**Supplied information**
_ _ _ _

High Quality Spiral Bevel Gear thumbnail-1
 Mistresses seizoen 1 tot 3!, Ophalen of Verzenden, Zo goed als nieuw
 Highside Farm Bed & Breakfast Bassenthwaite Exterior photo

_ _ _ _

**Problem to work on**
All of the data should be retyped exactly.

**Your solution**
High Quality Spiral Bevel Gear thumbnail-1
 Mistresses seizoen 1 tot 3!, Ophalen of Verzenden, Zo goed als nieuw
 Highside Farm Bed & Breakfast Bassenthwaite Exterior photo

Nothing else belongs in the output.